• Assigned task
Reproduce the listing that follows character for character, excluding its pictures.

• Recorded information
************

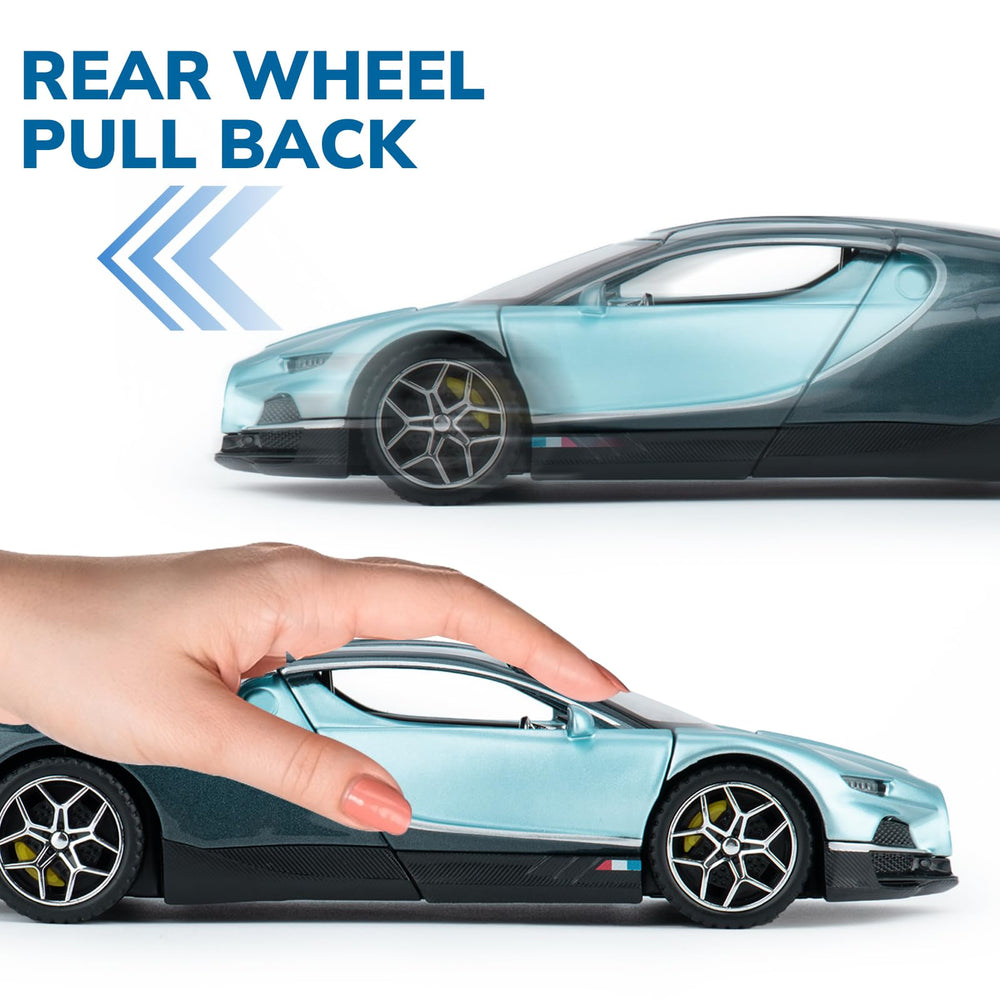 FRJV diecast blue car lights and sounds for immersive play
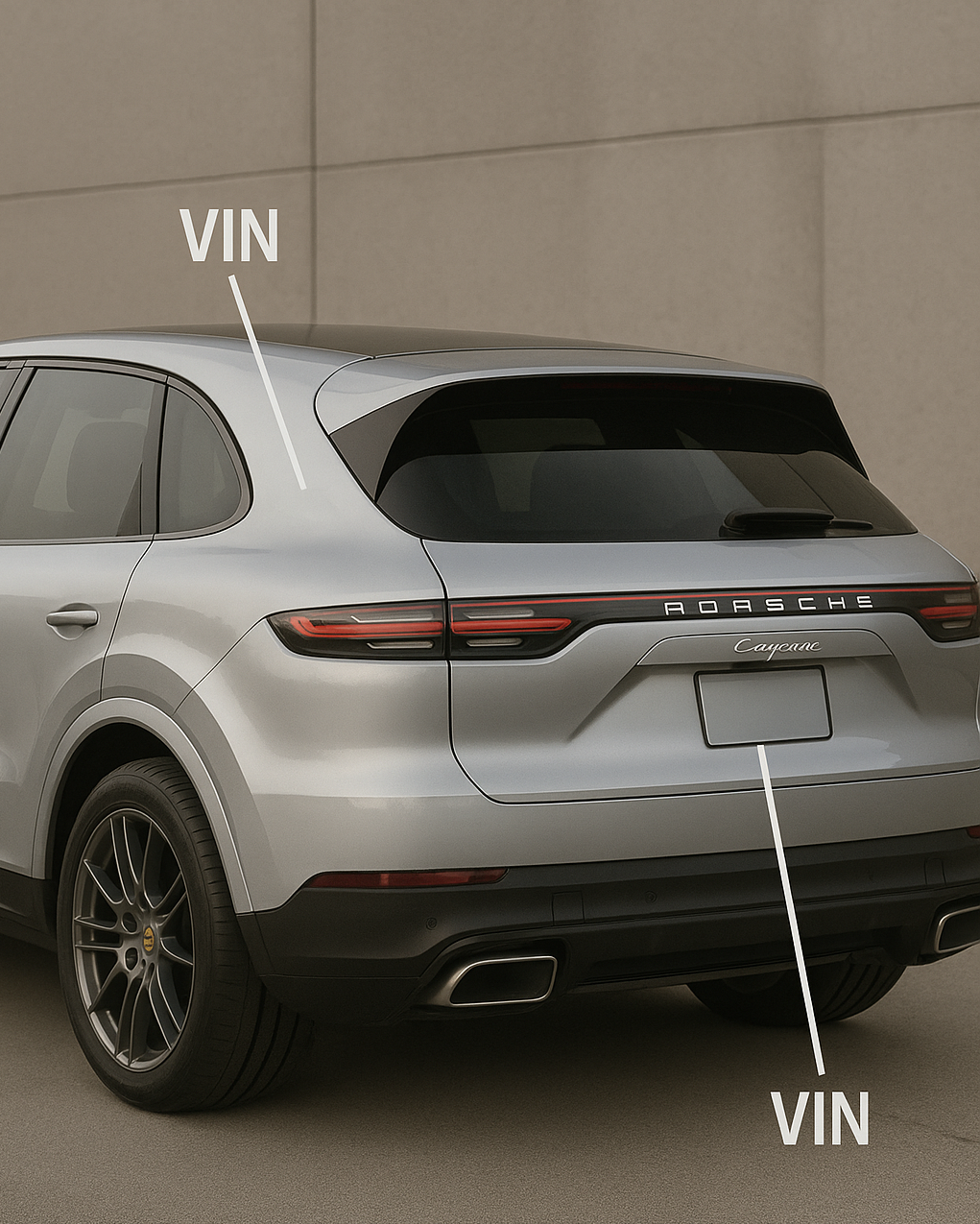 Porsche Cayenne VIN locations
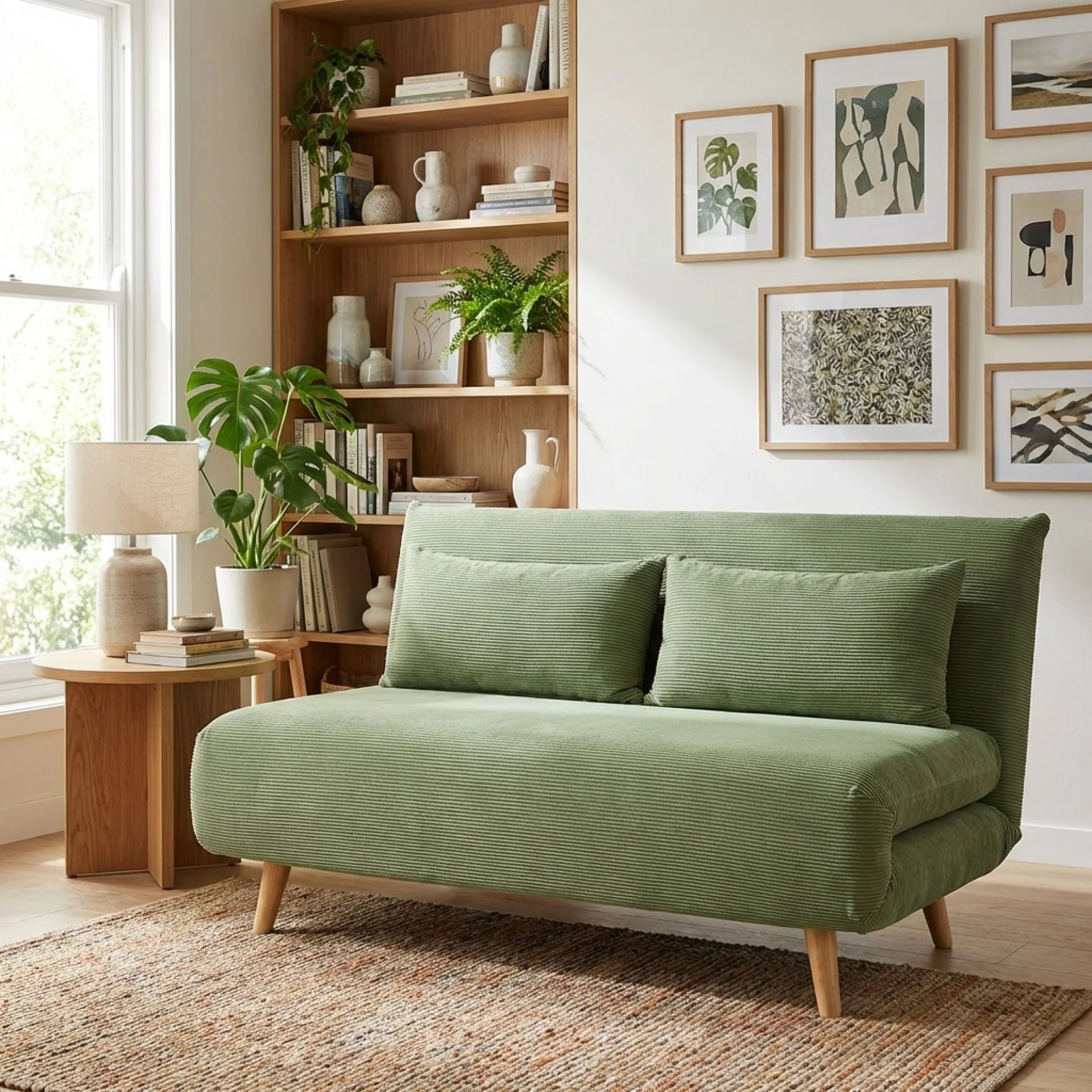 Hastings 2 Seater Fold-Out Sofa Bed - Olive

************

• Problem solution
 FRJV diecast blue car lights and sounds for immersive play
 Porsche Cayenne VIN locations
 Hastings 2 Seater Fold-Out Sofa Bed - Olive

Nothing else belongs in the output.